### [ACTIVITY]
Return each record unchanged and drop the images.

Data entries
»»
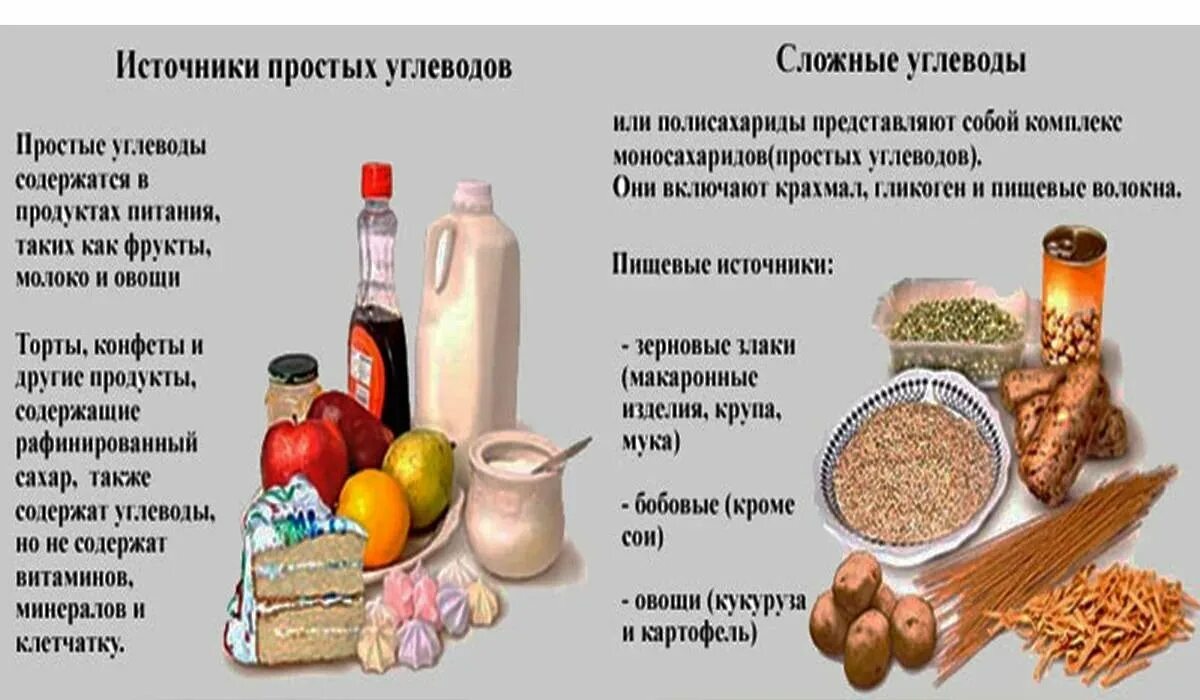 Продукты содержащие углеводы простые и сложные. Сложные полезные углеводы список. Простые углеводы список продуктов. Таблица простых и сложных углеводов в продуктах. Продукты являющиеся эффективным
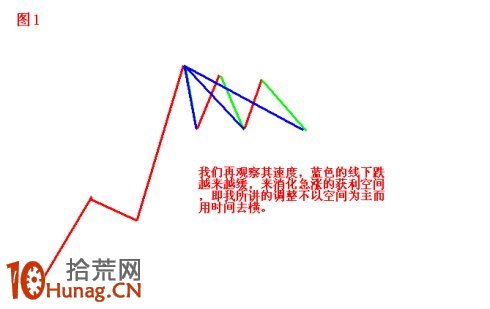 圖解短期大漲股的調整模式,拾荒網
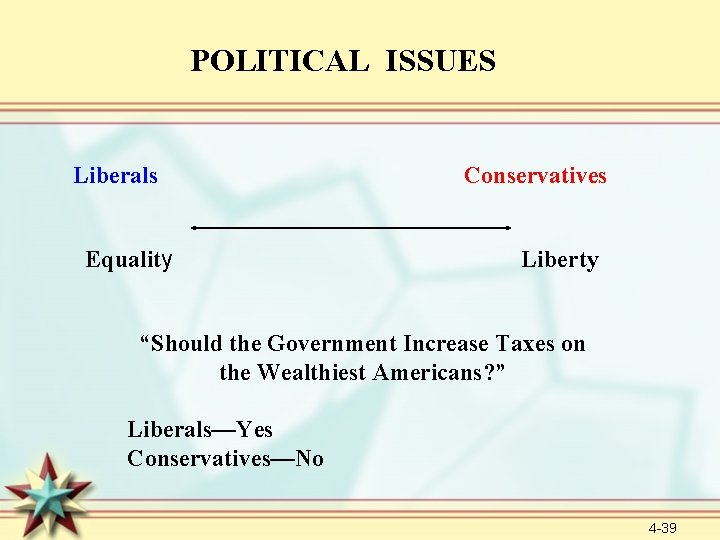 POLITICAL ISSUES Liberals Equality Conservatives Liberty “Should the Government Increase Taxes on the Wealthiest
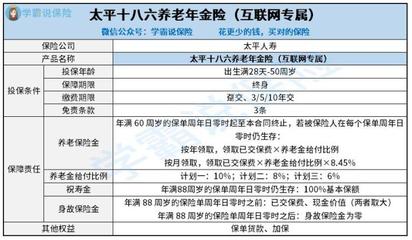 太平人寿保单贷款怎么还款，太平人寿保险贷款怎么还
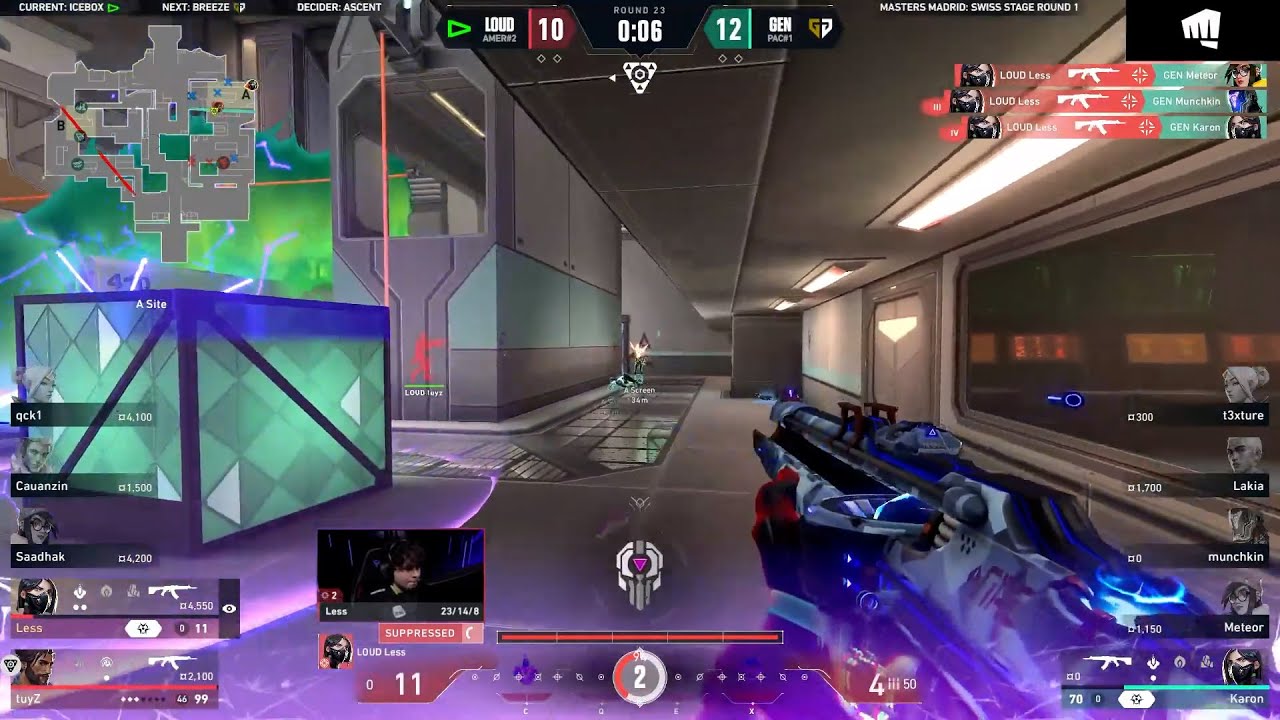 LOUD Менее массивный 4K для победы 2 на 4 против GEN.G | VCT Masters Madrid 2024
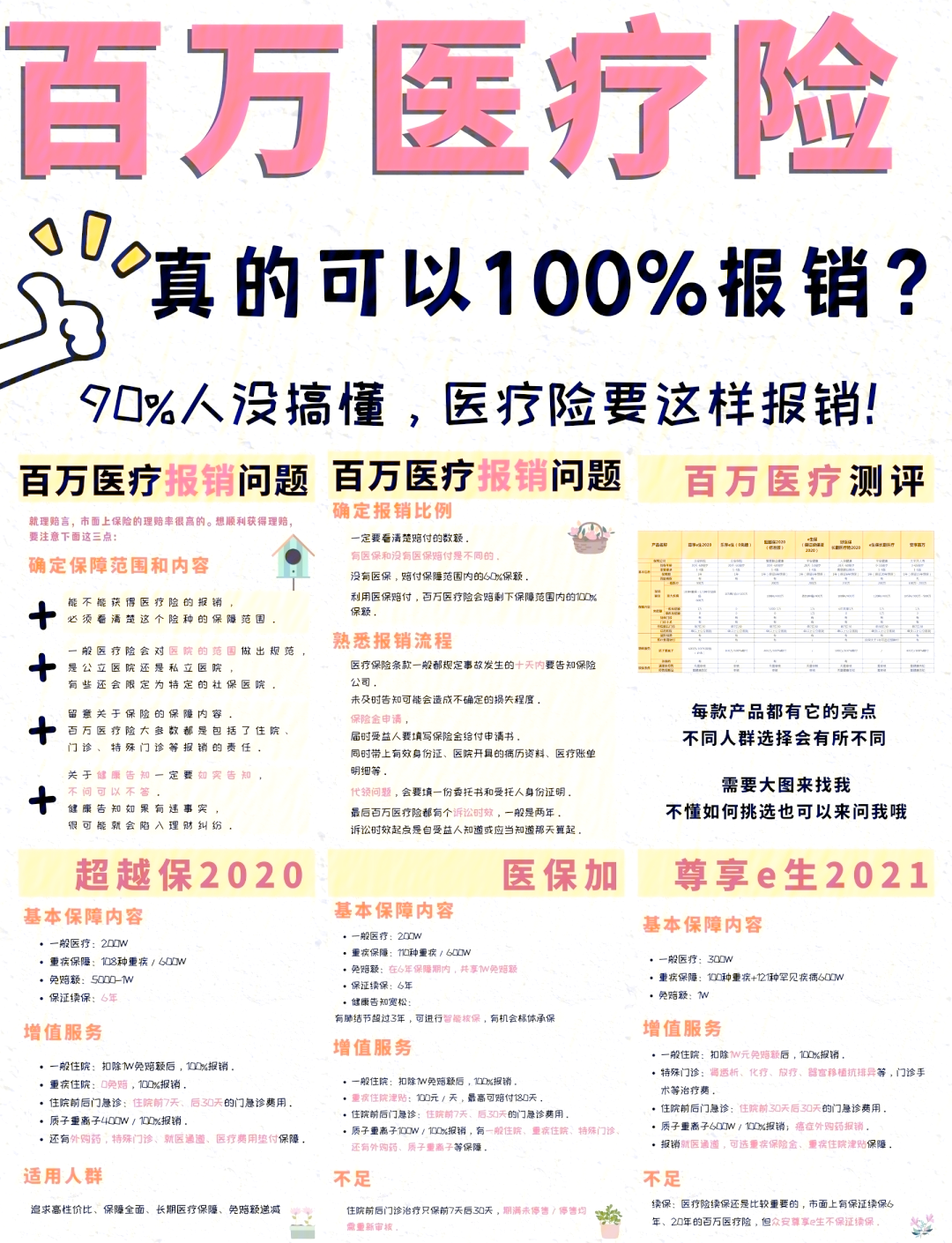 南漳最新医疗报销90%怎么计算方法分析(最方便真实的南漳医保报销比例90%怎么算方法)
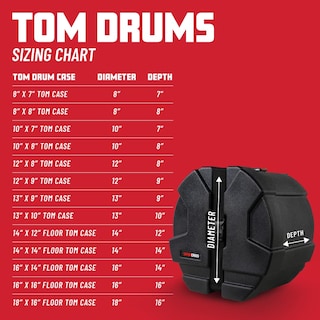 Foto 5 | Ranuras Floor Tom Case Gator De 14 X 14 Pulgadas - Venta Internacional.
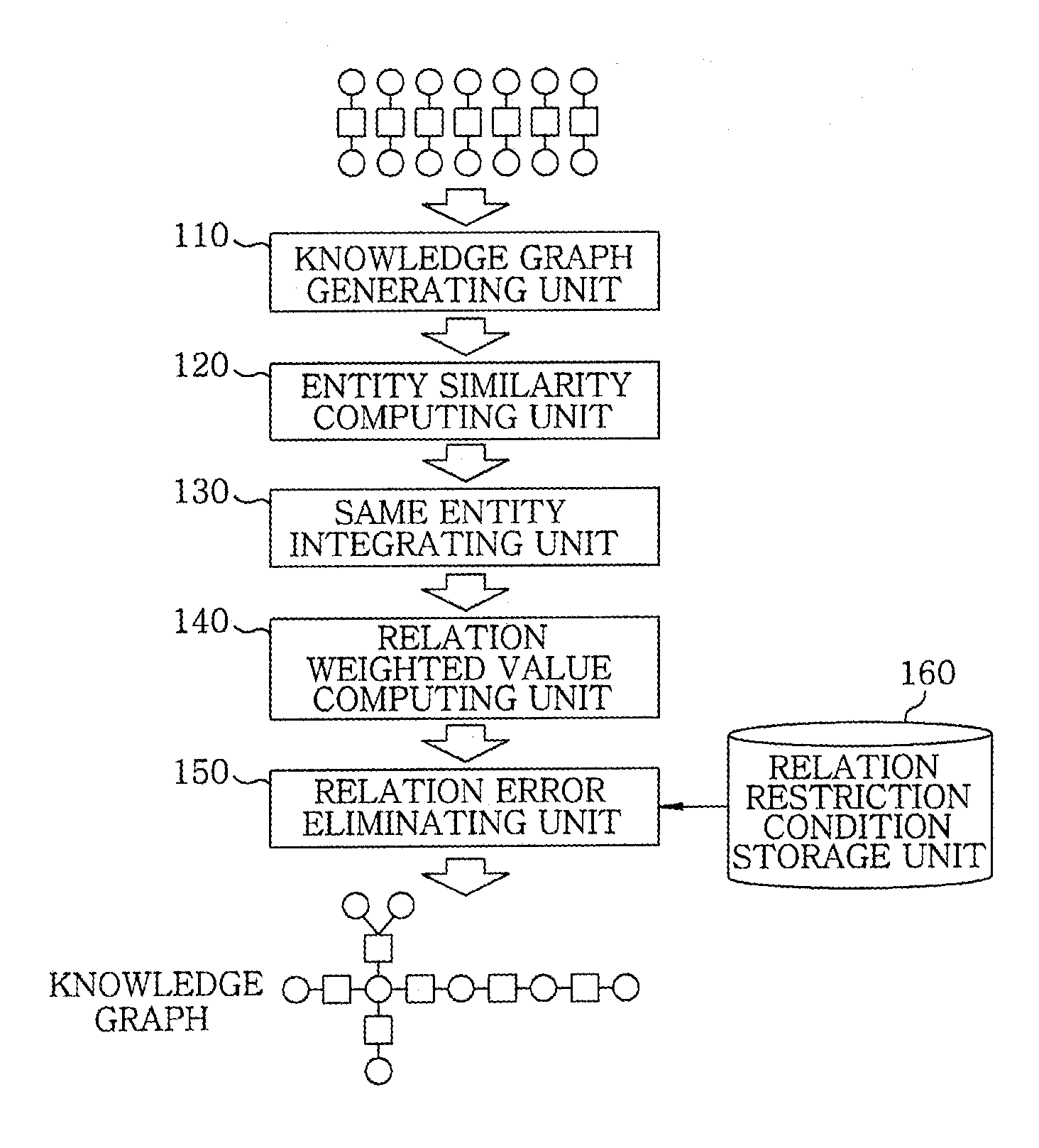 Apparatus and method for knowledge graph stabilization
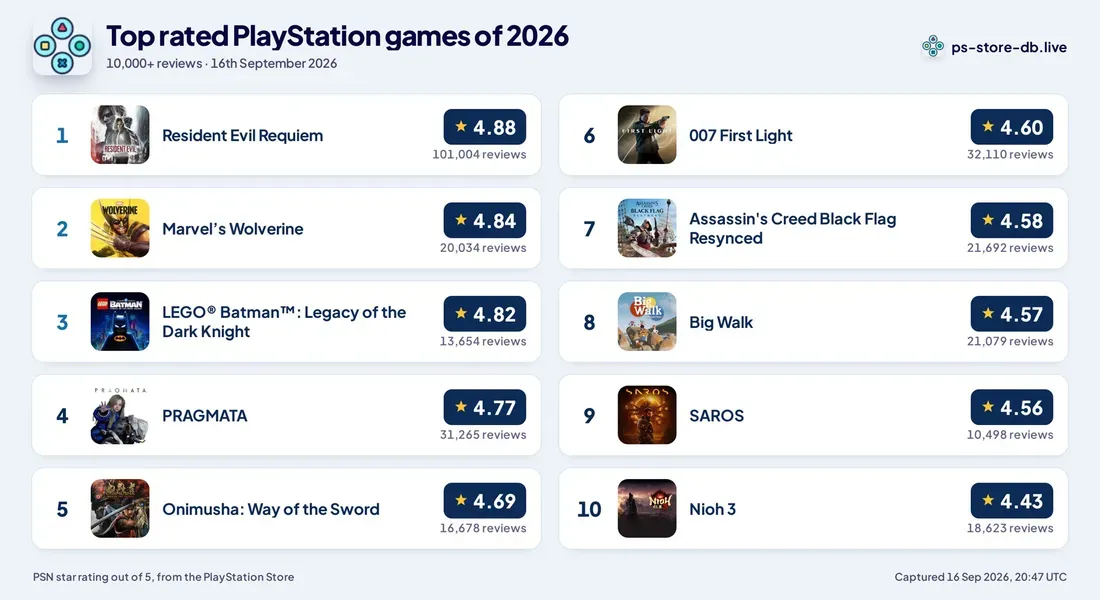 Top rated PlayStation games for 2026 shown - Why PlayStation Gamers Are Ignoring Critics to Crown Wolverine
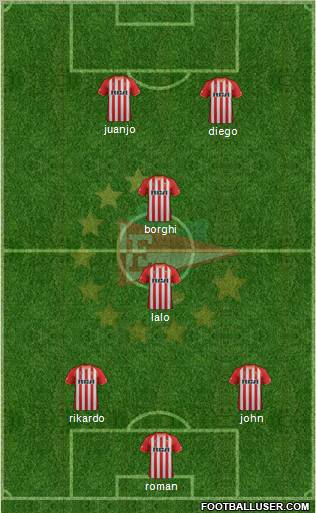 Estudiantes de La Plata Formation 2012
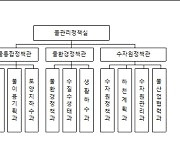 환경부, 물 관리 조직 개편...홍수 대응·댐·하천 관리 조직 신설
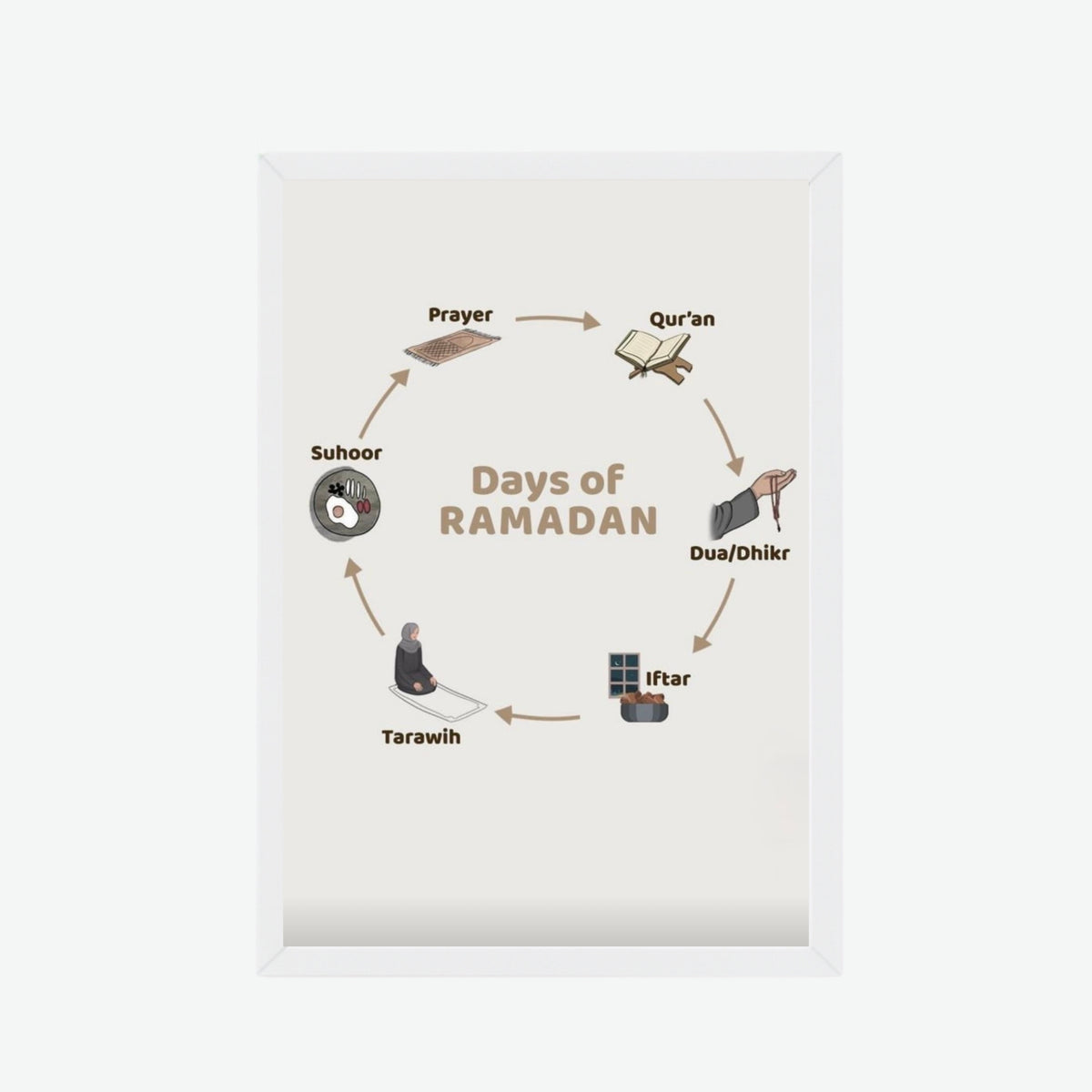 Days of Ramadan Illustration Frame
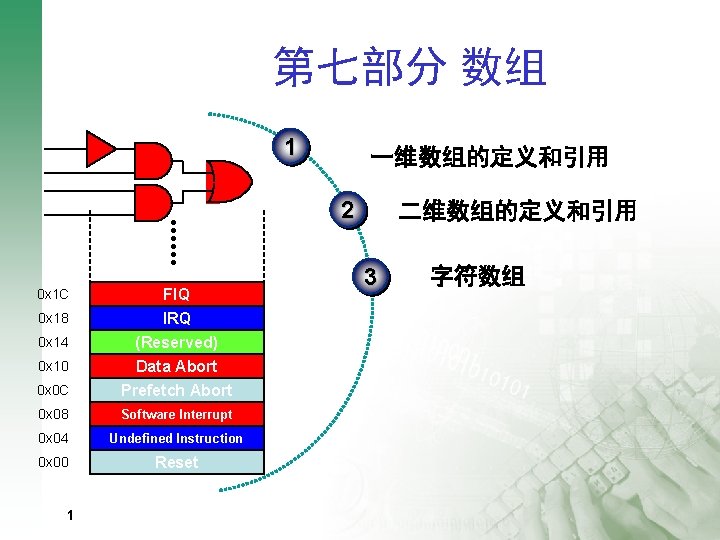 第七部分 数组 1 一维数组的定义和引用 2 0 x 0 C FIQ IRQ (Reserved) Data Abort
««
### [REPLY TO THE EXERCISE]
 Продукты содержащие углеводы простые и сложные. Сложные полезные углеводы список. Простые углеводы список продуктов. Таблица простых и сложных углеводов в продуктах. Продукты являющиеся эффективным
 圖解短期大漲股的調整模式,拾荒網
 POLITICAL ISSUES Liberals Equality Conservatives Liberty “Should the Government Increase Taxes on the Wealthiest
 太平人寿保单贷款怎么还款，太平人寿保险贷款怎么还
 LOUD Менее массивный 4K для победы 2 на 4 против GEN.G | VCT Masters Madrid 2024
 南漳最新医疗报销90%怎么计算方法分析(最方便真实的南漳医保报销比例90%怎么算方法)
 Foto 5 | Ranuras Floor Tom Case Gator De 14 X 14 Pulgadas - Venta Internacional.
 Apparatus and method for knowledge graph stabilization
 Top rated PlayStation games for 2026 shown - Why PlayStation Gamers Are Ignoring Critics to Crown Wolverine
 Estudiantes de La Plata Formation 2012
 환경부, 물 관리 조직 개편...홍수 대응·댐·하천 관리 조직 신설
 Days of Ramadan Illustration Frame
 第七部分 数组 1 一维数组的定义和引用 2 0 x 0 C FIQ IRQ (Reserved) Data Abort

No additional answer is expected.